What then shall we say to this? We thank God for Keith, for the life of one who answered that call, who preached that gospel, who shared already in his praying and preaching the strange Spirit-filled glory. We thank God, with Keith, for Jesus himself, his death under the weight of sin’s condemnation and his inheritance of the whole world as his domain. And we thank God for allowing us not only to hear fromKeith’s lips but to know in his personal life and his pastoral ministry such a rich measure of the quality which Paul celebrates at the end of the chapter. Those whom he justified, he also glorified; and now we find that ‘justice’ and ‘glory’ are themselves alternative names for love. So who shall separate us from that love? In all things we are more than conquerors through him who loved us. For I am sure, as Keith was sure, as please God we all of us here are sure, that neither death, nor life, nor angels, nor principalities, nor things present, nor things to come, nor powers, nor height, nor depth, nor anything else in all creation, will be able to separate us from the love of God in Christ Jesus our Lord. Alleluia! Amen.
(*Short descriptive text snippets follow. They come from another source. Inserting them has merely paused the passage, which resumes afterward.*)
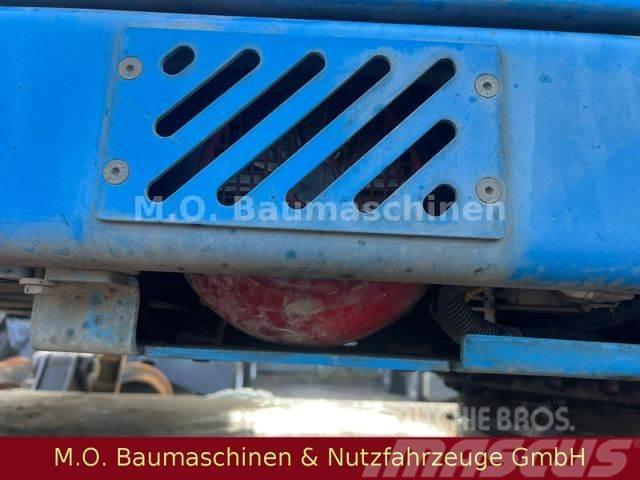 Fuchs MHL 331 / ZSA / AC / Hochfahrbare Kabine /Magnet Bagri na kolesih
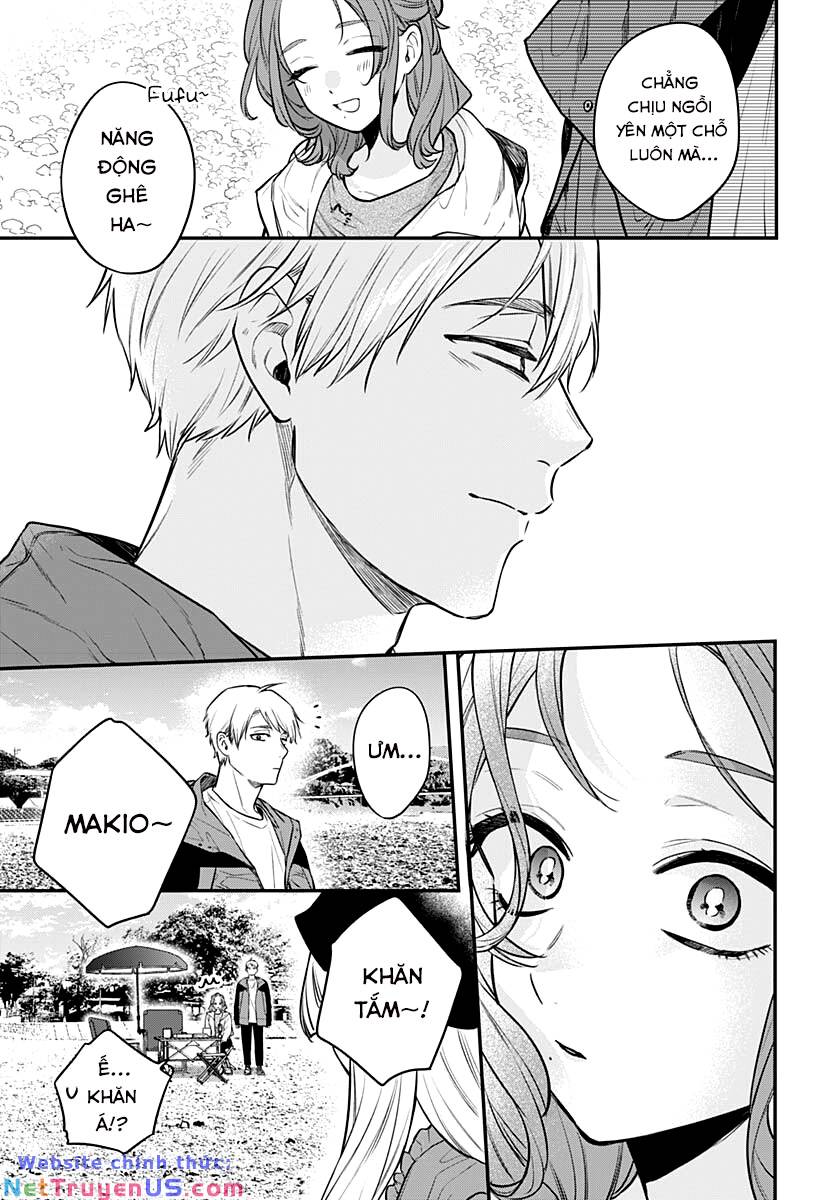 mi-chan muốn được nhận nuôi! chapter 11 11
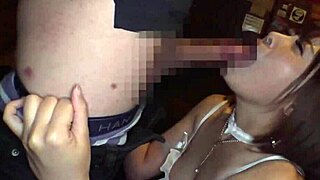 Hey, this sexy Japanese babe’s wet blowjob is pure fire! 🔥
Keith Weston was Rector of St Ebbe’s Church, Oxford in the 1960s and 1970s when Maggie and I lived there. He took our wedding, and baptized our first child. He was a wonderful, cheerful, wise, prayerful pastor, preacher and friend. When he had a heart attack, over ten years ago, he made preparations for his funeral and invited me to preach at it. Happily he recovered and lived much longer than he then thought, but the family insisted that the invitation still stood. It was an honour and delight to do it.